4. Repeat the previous problem 1000 times. Keep track of the results. Determine the proportion of the time that the 95% confidence interval surrounds the mean.
```{r, echo = T, eval = T}

holder = rep(NA, 1000)
n=3
sd=.5
for(i in 1:1000){
  x=rnorm(n, mean=0, sd=sd)
  results=t.test(x,conf.level=.95)
  CI = results$conf.int
  logic = between (CI,0)
  holder[i] = logic
}

mean(holder)
```


### Homework


5. Create 4 dchisq curves. Use degrees of freedom equal to 0.1, 1, 3, and 5. Fun fact, the mean of a Chi-square distribution is equal to its degrees of freedom. All curves should be on the same graph. Give each a different color. Give each a different line type. The plotting window should have horizontal limits from 0 to 10, and vertical limits from 0 to 1.  The title should be "ChiSquare by Degrees of Freedom". Add the axes, and a legend. (Mimic Example #2)

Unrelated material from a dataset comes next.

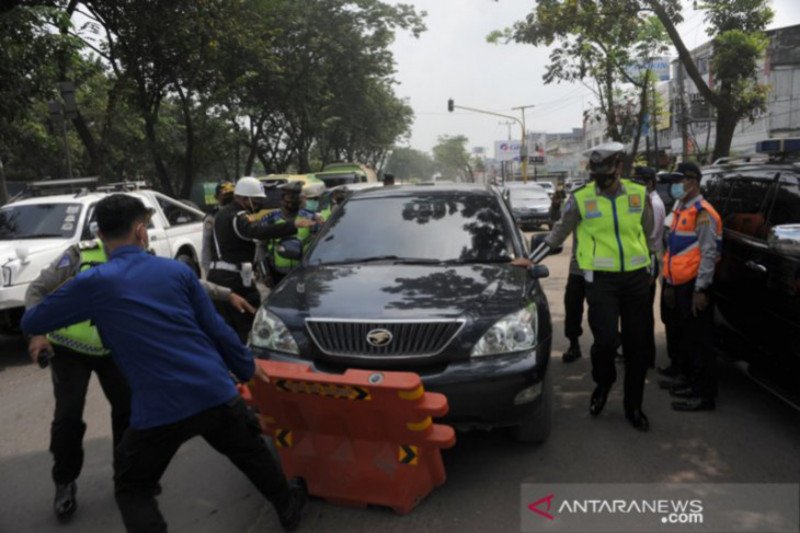 Petugas gabungan menahan mobil yang mencoba kabur dari pemeriksaan di posko penyekatan KM 12 Palembang, Sumsel, Sabtu (8/5/2021). (ANTARA/Feny Selly/21)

```{r, echo = T, eval = T}
plot.new()
plot.window(xlim = c(0,10) , ylim = c(0,1))
curve(dchisq(x, df = .1), from = 0 , to = 10 , add=T , col = "red", lty = 1)
curve(dchisq(x, df = 1), from = 0 , to = 10 , add=T , col = "green", lty = 2)
curve(dchisq(x, df = 3), from = 0 , to = 10 , add=T , col = "blue", lty = 3)
curve(dchisq(x, df = 5), from = 0 , to = 10 , add=T , col = "pink", lty = 4)
axis(1)
axis(2)
title(main = "ChiSquare by Degrees of Freedom")
legend("topright", legend = c("sd=.5", "sd=1", "sd=3", "sd=5"), col = c("red", "green", "blue", "pink"), lty = c(1,2,3,4))
```

6. Generate 30 random numbers from a chisquare distribution with 0.1 degrees of freedom. Construct a 95% confidence interval for the mean of the chisquare distribution. Determine if the confidence interval surrounds the mean. Fun fact, the mean of a Chi-square distribution is equal to its degrees of freedom.
```{r, echo = T, eval = T}
n=30
x=rchisq(n, df = .1)
results = t.test(x , conf.level = .95)
results
str(results)

CI = results$conf.int
CI

between(CI, .1)
```


7. Repeat the previous problem 1000 times. Keep track of the results. Determine the proportion of the time that the 95% confidence interval surrounds the mean. 

```{r, echo = T, eval = T}

holder1 = rep(NA, 1000)
n=30
for(i in 1:1000){
  x=rchisq(n, df = .1)
  results=t.test(x,conf.level=.95)
  CI = results$conf.int
  logic = between (CI,.1)
  holder[i] = logic
}

mean(holder)
```

8. In problem 7, you have R simulate constructing one-thousand 95% confidence intervals. According to the name, 95% confidence interval, approximately 95% of the intervals should surround the mean of the distribution being sampled.  That is not the case. Why not? There are two things that you can modify, individually, that will make the actual confidence level match the stated confidence level. What are they? For each, demonstrate, via a similar simulation, that they correct the mismatch. In reality, which one can you actually control. (Changing rchisq to rnorm, rbinom, runif etc is not allowed. We already know that using rnorm will work.)


```{r, echo = T, eval = T}
holder1 = rep(NA, 1000)
n=30
for(i in 1:1000){
  x=rchisq(n, df = 20)
  results=t.test(x,conf.level=.95)
  CI = results$conf.int
  logic = between (CI,20)
  holder1[i] = logic
}

mean(holder1)
```
First, we can increase the degrees of freedom. Increasing the degrees of freedom makes the distribution look more even, similar to a normal distribution, creating a confidence interval that a t-test can more accurately depict.


```{r, echo = T, eval = T}


holder2 = rep(NA, 1000)
n=3000
for(i in 1:1000){
  x=rchisq(n, df = .1)
  results=t.test(x,conf.level=.95)
  CI = results$conf.int
  logic = between (CI,.1)
  holder2[i] = logic
}

mean(holder2)

```
Second, we can increase the sample size *n*. This will give the t-test more data within the distribution to work with, creating a more accurate representation of the actual population, making a confidence interval more accurate.